- Sheet music cover

Song by the Beatles

from the album Help!
- Released: 6 August 1965
- Recorded: 18 February 1965
- Studio: EMI, London
- Genre: Folk rock
- Length: 2:11
- Label: Parlophone
- Songwriter: Lennon–McCartney
- Producer: George Martin

Audio sample
- file; help;

= You've Got to Hide Your Love Away =

1965 song by the Beatles

"You've Got to Hide Your Love Away" is a song by the English rock band the Beatles. It was written and sung by John Lennon (though credited to Lennon–McCartney) and released on the album Help! in August 1965.

==Composition and recording==
Lennon said of the song, "That's me in my Dylan period again. I am like a chameleon, influenced by whatever is going on. If Elvis can do it, I can do it. If the Everly Brothers can do it, me and Paul can. Same with Dylan." The song is an early example of Lennon self-reflecting in his writing, which had begun with songs such as "I'm a Loser" on the band's 1964 album Beatles for Sale. Lennon wrote the song at home, wanting another song for the film Help!. The song "is just basically John doing Dylan", Paul McCartney confirmed. The song is similar to a folkish strophic form and uses a Dylanesque acoustic guitar figure in compound duple time, normally committed to score in 6/8 or 12/8 time, with chiefly acoustic accompaniment, no backing voices and light percussion from brushed snare, tambourine and maraca. A flute, however, replaces the harmonica that Dylan typically used.

The song's lyrics are ambiguous. Potentially, Lennon could have been referring to the fact that, as a Beatle, he was expected to keep the fact he was married a secret. He could also have been writing about his inability to express his true 'loving' self in public and his feelings of isolation and paranoia related to fame. Some, such as singer Tom Robinson, have suggested that the song was written for the Beatles' manager Brian Epstein, a closeted homosexual. Lennon himself, however, never publicly discussed his inspiration for the lyrics. When the song was first written, Lennon used "two-foot tall" to rhyme with the "wall" in the first verse, but mistakenly said "two-foot small" when he sang the line to McCartney, and decided to keep it this way. Pete Shotton, Lennon's former bandmate from The Quarrymen, was present when the song was being composed, and suggested adding "Hey" to the start of the line in the refrain.

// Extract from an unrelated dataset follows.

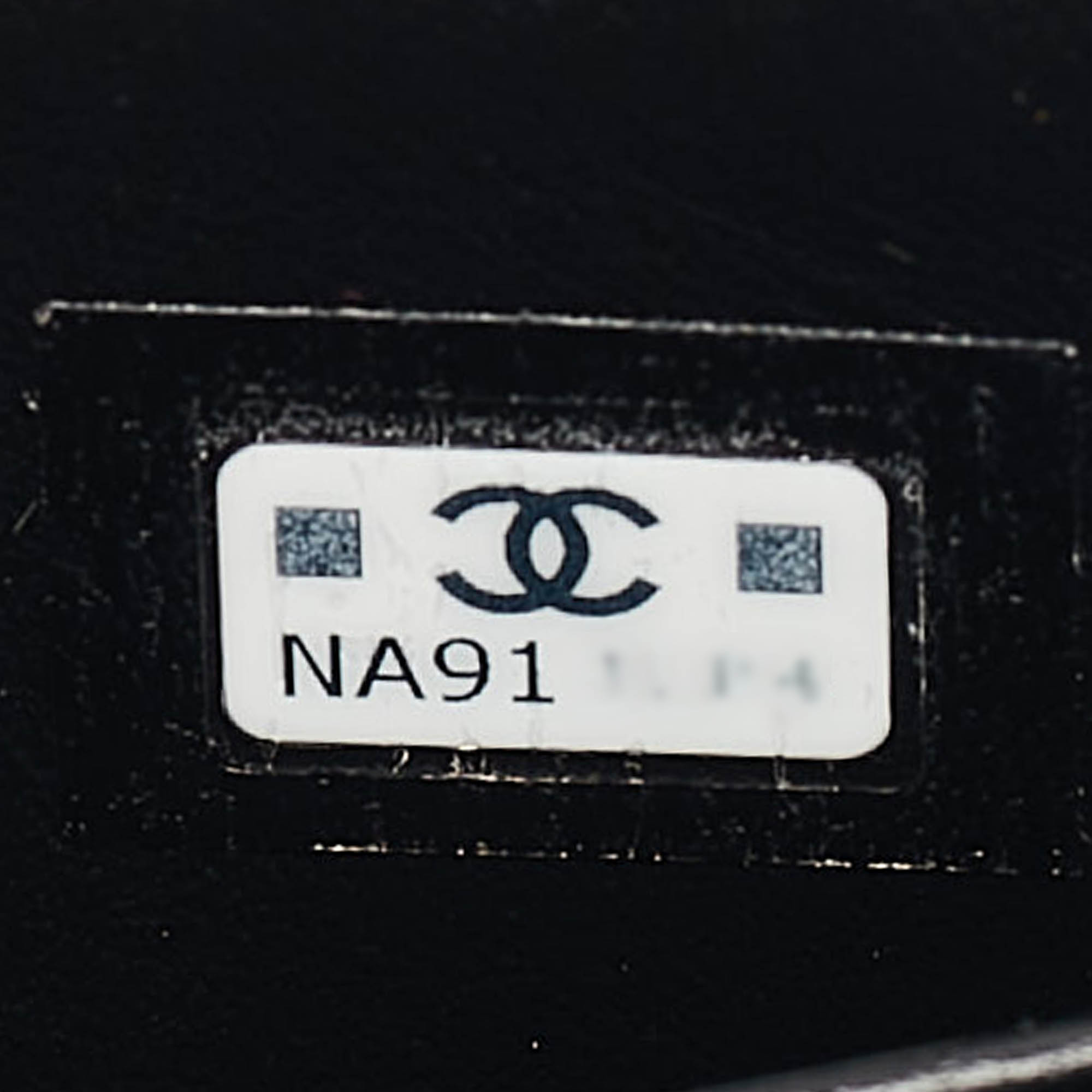 Pre Owned Chanel Black Quilted Caviar Leather Nano Coco Handle Chain Clutch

The basic rhythm track was recorded first, followed by George Harrison's overdubbed 12-string guitar and some extra percussion. John Scott recorded a tenor flute in the spaces in Lennon's vocal track and an additional alto flute part, an octave higher than the first, on the last available track of the four-track machine.

==Performance in the film==
In the film Help!, at the opening of the song, the head of the cult, Clang (Leo McKern), appears from underneath a manhole cover in the middle of Ailsa Avenue, London, where parts of the film were shot. He stays there for the whole song, which the Beatles play in Lennon's quarters of the Beatles' shared flat. The flute part of the song is performed by George's in-house gardener (Bruce Lacey). They are watched by Ahme (Eleanor Bron), and at the end of the song, Harrison passes out after Ahme produces a giant needle for Starr, who is wearing the ring the cult is seeking.

==Personnel==
According to John C. Winn:

The Beatles
- John Lennon – vocal, acoustic twelve-string guitar
- Paul McCartney – bass guitar, maracas
- George Harrison – Spanish acoustic guitar, twelve-string acoustic guitar
- Ringo Starr – drums (with brushes), tambourine

Additional musician
- John Scott – tenor and alto flutes

==Cover versions==
The Silkie, a band that had been signed by Brian Epstein, recorded their version a few months after the Beatles. Lennon produced the session, while McCartney contributed guitar and Harrison tambourine. Their version, released in October 1965, peaked at No. 10 on the U.S. Billboard Hot 100 and peaked at No. 28 on the UK Singles Chart.